-------- ENTRIES SUPPLIED --------
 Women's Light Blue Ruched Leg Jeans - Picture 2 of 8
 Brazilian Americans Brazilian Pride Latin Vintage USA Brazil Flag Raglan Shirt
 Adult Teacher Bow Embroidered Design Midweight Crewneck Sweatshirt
--------
-------- ENTRIES SUPPLIED --------
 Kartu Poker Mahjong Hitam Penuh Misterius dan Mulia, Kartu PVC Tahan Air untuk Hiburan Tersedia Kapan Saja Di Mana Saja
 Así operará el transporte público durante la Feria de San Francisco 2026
--------
Everything starting at the line containing "Brazilian Americans Brazilian" and ending at the line containing "Adult Teacher Bow" in the records above should be repeated exactly, and only that.

* **TASK SOLUTION**
 Brazilian Americans Brazilian Pride Latin Vintage USA Brazil Flag Raglan Shirt
 Adult Teacher Bow Embroidered Design Midweight Crewneck Sweatshirt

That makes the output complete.